Footnotes: I was instantly captivated by Arthur Aidala's demeanor. He exudes a charismatic presence in and outside the Federal Courthouse, reminiscent of a Roger Rabbit-style mobster boss. His sharp attire (note the shoes) and overly confident demeanor commands attention. Yet, he projects an air of approachability, like the guy you'd want to share a plate of meatballs with at the Italian place down the street— All the qualities you'd want in a defense lawyer: authority, assurance, humor, politeness, and the old-school mob boss style doesn't hurt. His father, a former attorney himself, was also on hand for the hearing, as was his nephew. Arthur directing the firm for a "family" photo outside the courthouse was an amusing scene. "Joan" reminds me of every mother at Christmas, striving to capture a decent shot. After they finally nailed one the team headed to Dan Nico's to celebrate feeling "cautiously optimistic" about their client's fate.
“Even when there are few cameras around, Arthur L. Aidala, 54, is camera-ready, dressed in a light-blue pinstripe suit with a purple pocket square and tie on a sunny June day. He’s a lawyer who welcomes press attention.” — NYT
Epstein's Non-Prosecution Agreement + The Juror Issue Complicate The Case
(A Legal Breakdown Via Elizabeth Huntley)
A Decision On Ghislaine Maxwell’s Appeal Is Imminent – Could She Be Freed?

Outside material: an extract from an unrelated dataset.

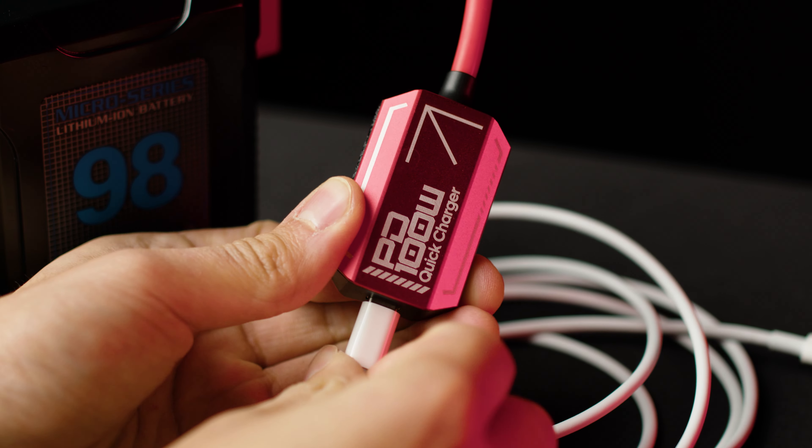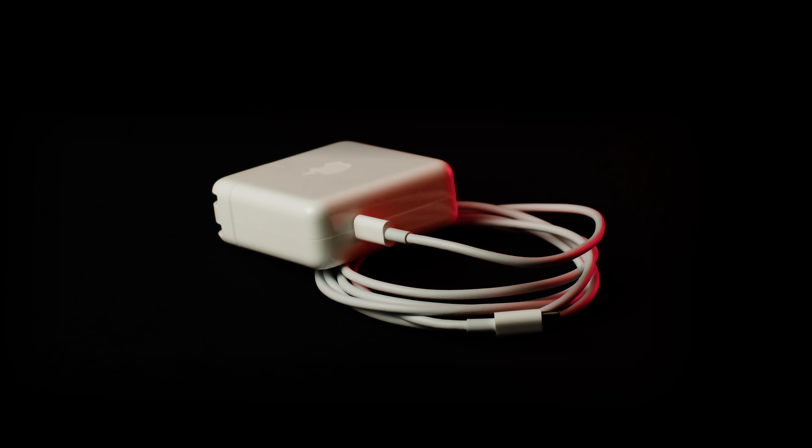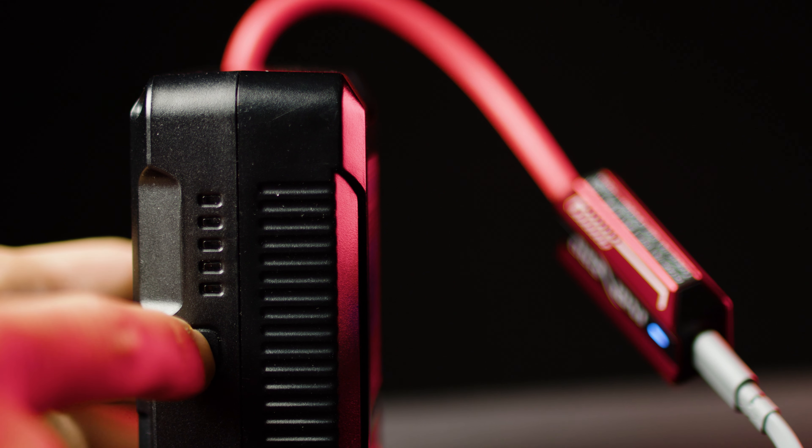On this quick charger you have a D-Tap and a USB-C port. While using your existing USB-C cables, you can use this adapter to charge all your Gold Mount and V-mount batteries.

Ghislaine Maxwell appeared (via audio) before the Second Circuit Court of Appeal at the Thurgood Marshall Courthouse on Tuesday, March 12th, in a very brief hearing to officially appeal her conviction on 4 counts of sex trafficking and related offenses. She is currently serving a twenty-year sentence after a jury convicted her on December 30, 2021. Maxwell will ask Circuit Judge Raymond Lohier to either overturn her conviction and set her free immediately or grant her a new trial – will she succeed?
The moment the guilty verdict was handed down in lower Manhattan on December 30, 2021, Maxwell’s lawyers announced she would appeal. But the moment is finally here – and while Tuesday’s hearing was brief, here at Houseinhabit we have all the documents revealing the arguments she has and will make to try and convince the judges to set her free.

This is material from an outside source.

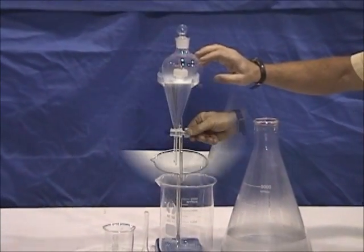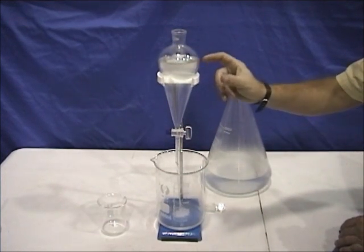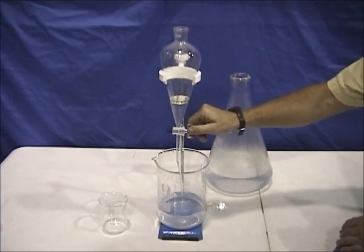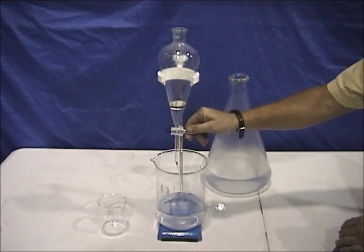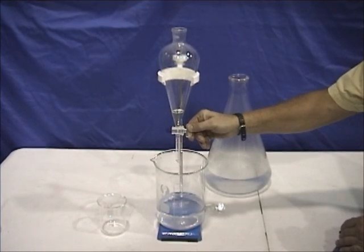The next step is to separate the oil from the hydrosol, and to do that we're going to use a separatory funnel. As the liquid goes down and gets narrower you'll see the oil better and better. I'm going to go until all the hydrosol is out, then stop right when we get to the oil — bam!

Here’s Our Rundown of Her Case
Surprisingly, the first ground of appeal presented by Maxwell – represented by a new lawyer, Diana Fabi Samson, after she was controversially fired by her trial lawyers for failing to pay her legal bills – in court on Tuesday related to a document that all Epstein-followers will be very familiar with: The infamous 2007 “sweetheart deal” given to Jeffrey Epstein when he was first arrested and charged for crimes relating to his abuse of underage girls. The charges were ultimately pleaded down to solicitation charges – essentially, the crime of paying a sex worker – and Epstein was given a remarkably easy ride.
The deal – hammered out by Dershowitz and Alex Acosta, the then-US Attorney who would go on to serve in Trump’s 2016 cabinet, showing again how interlinked the spider’s web of power and abuse truly is – saw Epstein serve only 13 months in prison, with day release six days a week that allowed him to walk out of the prison and go to his office between 8am and 8pm. It was, as one investigative reporter described it, not so much a prison sentence as one year of “sleeping in a crappy motel.”
Epstein continued to force his victims to visit him at his office, where they say he continued the sexual abuse even while he was purportedly serving a prison sentence for paedophilia and sex trafficking.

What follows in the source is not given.